I feed my tank 3x a week ( Monday Wednesday Friday )
I use the tiny spoon that comes with the Salifert test kit.
2 spoonful of reef roids and 1 spoonful of reef chili.
 
Feeding the tank can help some acros, but probably not how you think. It is unlikely that they can catch anything that we feed, but other organisms can. Those other organisms can send that stuff into the N cycle and the corals can probably catch some nitrogen on the ammonia that these organisms generate. This is probably better than dosing N on the back end since ammonia is the preferred place to get N for most coral. You can also feed your fish more and do the same thing.

For the most part, today's hot "I swear by it" supplement is tomorrows punchline. Acropower, Reef Roids, Reef Chili will probably be laughed at in a few years like Cyclopeeze, Marine Snow, DT Phytoplankton, etc. are now.

Back to PE - don't sweat it at all... color and growth is the best indicator of acropora health.
 
Feeding the tank can help some acros, but probably not how you think. It is unlikely that they can catch anything that we feed, but other organisms can. Those other organisms can send that stuff into the N cycle and the corals can probably catch some nitrogen on the ammonia that these organisms generate. This is probably better than dosing N on the back end since ammonia is the preferred place to get N for most coral. You can also feed your fish more and do the same thing.

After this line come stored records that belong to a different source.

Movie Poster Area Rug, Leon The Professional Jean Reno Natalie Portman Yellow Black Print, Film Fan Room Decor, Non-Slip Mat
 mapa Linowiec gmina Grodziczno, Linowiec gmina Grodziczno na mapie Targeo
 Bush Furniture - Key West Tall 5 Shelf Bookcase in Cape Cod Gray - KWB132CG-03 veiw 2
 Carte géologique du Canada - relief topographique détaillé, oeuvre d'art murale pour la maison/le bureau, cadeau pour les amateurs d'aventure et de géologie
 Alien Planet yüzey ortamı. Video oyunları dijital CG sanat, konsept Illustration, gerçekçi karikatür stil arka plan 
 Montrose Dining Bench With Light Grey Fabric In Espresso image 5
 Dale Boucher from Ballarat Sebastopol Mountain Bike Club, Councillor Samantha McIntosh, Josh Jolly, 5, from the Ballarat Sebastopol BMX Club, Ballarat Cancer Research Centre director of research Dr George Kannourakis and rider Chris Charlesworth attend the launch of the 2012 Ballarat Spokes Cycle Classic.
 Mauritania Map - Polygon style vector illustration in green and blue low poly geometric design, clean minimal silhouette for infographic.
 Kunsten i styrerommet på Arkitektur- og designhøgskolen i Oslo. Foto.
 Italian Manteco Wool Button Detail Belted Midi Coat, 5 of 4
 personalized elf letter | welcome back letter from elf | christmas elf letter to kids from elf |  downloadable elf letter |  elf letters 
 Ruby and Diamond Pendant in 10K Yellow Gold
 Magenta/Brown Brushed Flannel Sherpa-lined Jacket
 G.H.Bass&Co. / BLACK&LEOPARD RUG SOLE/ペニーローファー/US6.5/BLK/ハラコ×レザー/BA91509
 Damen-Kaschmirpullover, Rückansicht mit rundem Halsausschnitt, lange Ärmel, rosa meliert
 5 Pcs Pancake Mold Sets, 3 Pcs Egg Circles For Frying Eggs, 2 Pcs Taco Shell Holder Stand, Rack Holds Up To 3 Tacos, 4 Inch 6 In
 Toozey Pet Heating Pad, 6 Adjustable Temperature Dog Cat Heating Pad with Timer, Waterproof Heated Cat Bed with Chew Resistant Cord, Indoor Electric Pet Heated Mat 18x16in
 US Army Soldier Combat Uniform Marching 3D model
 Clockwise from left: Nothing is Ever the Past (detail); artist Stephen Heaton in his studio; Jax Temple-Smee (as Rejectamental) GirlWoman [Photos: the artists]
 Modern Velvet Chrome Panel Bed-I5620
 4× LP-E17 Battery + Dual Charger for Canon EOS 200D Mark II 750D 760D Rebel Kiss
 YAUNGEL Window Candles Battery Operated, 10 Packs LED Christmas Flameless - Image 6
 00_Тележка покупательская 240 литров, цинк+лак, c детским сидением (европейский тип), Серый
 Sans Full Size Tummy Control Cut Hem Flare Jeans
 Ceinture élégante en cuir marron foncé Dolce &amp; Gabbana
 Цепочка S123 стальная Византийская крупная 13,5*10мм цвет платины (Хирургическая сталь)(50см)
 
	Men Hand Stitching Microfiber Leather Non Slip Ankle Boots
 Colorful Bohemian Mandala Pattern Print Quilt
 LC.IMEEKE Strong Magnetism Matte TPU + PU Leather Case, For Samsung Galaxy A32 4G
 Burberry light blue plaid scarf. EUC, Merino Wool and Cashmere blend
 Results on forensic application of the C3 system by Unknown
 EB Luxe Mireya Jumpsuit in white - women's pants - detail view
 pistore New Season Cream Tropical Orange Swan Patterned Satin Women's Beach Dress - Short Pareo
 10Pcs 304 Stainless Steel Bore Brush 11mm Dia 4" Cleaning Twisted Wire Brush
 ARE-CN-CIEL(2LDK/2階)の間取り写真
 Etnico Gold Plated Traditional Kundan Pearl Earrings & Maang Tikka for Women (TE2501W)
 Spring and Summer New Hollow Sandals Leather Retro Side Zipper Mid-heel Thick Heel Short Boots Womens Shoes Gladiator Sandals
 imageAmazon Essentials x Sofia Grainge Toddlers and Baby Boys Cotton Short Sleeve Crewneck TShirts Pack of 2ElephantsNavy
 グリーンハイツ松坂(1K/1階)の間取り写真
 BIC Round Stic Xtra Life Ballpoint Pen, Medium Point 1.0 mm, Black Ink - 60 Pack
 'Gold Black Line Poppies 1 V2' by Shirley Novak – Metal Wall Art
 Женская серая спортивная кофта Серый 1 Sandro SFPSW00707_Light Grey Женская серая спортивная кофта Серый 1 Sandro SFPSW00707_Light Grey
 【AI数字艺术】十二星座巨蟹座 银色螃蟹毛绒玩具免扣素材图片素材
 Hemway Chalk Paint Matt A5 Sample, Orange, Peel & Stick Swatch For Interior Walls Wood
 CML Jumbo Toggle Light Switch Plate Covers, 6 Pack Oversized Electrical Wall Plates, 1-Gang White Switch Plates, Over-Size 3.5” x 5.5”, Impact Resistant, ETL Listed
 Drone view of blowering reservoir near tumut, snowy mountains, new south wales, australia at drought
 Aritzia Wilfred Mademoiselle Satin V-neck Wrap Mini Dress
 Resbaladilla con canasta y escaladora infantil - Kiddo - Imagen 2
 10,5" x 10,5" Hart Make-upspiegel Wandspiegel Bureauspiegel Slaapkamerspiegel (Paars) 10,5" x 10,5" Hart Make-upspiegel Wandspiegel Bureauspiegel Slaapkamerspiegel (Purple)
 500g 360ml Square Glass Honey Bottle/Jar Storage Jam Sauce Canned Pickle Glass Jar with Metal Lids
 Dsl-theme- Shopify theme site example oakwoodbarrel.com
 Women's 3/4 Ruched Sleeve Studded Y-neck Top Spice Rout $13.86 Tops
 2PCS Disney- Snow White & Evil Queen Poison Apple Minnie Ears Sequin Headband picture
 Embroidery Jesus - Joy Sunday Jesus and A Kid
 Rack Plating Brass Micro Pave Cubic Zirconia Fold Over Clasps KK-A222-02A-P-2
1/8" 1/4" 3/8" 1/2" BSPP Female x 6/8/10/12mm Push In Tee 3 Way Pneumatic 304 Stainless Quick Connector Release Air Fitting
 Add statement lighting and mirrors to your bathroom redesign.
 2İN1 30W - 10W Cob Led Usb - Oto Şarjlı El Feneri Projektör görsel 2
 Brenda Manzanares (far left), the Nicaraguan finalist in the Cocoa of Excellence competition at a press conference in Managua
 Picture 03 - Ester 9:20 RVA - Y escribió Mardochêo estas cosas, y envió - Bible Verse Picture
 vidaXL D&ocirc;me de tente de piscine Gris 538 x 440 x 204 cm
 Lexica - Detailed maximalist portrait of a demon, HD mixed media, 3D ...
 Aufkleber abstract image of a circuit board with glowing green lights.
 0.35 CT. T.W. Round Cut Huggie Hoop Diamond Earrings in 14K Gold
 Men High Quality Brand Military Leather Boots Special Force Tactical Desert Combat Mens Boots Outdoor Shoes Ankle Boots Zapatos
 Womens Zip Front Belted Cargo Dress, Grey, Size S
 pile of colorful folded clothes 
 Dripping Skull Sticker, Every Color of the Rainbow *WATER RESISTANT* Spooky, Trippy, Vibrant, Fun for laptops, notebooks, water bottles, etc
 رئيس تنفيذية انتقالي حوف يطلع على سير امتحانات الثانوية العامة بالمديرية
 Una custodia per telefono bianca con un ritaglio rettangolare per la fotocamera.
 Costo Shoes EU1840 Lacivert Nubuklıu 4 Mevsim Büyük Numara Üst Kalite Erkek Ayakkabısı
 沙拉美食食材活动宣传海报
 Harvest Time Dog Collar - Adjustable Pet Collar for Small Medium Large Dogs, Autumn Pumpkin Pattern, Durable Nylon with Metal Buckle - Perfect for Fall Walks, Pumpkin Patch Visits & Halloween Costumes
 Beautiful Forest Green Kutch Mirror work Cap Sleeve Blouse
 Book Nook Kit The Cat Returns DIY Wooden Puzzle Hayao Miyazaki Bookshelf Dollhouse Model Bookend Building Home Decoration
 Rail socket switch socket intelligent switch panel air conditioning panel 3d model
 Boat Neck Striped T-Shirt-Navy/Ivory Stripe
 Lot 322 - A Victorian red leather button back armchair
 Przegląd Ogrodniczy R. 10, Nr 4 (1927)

For the most part, today's hot "I swear by it" supplement is tomorrows punchline. Acropower, Reef Roids, Reef Chili will probably be laughed at in a few years like Cyclopeeze, Marine Snow, DT Phytoplankton, etc. are now.

Back to PE - don't sweat it at all... color and growth is the best indicator of acropora health.

That’s some really good information. Thank you for sharing and explaining!
 
FYI, I had a pair of MP10's on a 29g Biocube.. It was NOT enough flow, even at max. Not because the GPH is bad, but specifically, because the flow pattern is needle narrow. Which, IMO, means the flow is worthless.

I would suggest a pump with a wider flow pattern. It makes a huge difference, IMO. And pumps which can be aimed.

On the cheap -- Add a Tunze 6045 (1100gph) and put it in near the bottom pointed straight up at the surface. This will make a HUGE diffused flow pattern. It will alleviate most your flow issues in conjunction with your MP10.

I know, it seems expensive.. I also know 1100gph seems like a LOT... but pointed at the surface making indirect flow -- it isn't.

There's a million ways to do things, I think more flow is typically best, especially as most people struggle to get varied flow. In my 20x16x10 frag tank I'm running a 1600gph Sicce, and honestly I could use some more flow.
 
FWIW, I get crazy mad PE at NIGHT when the lights are off. Booya!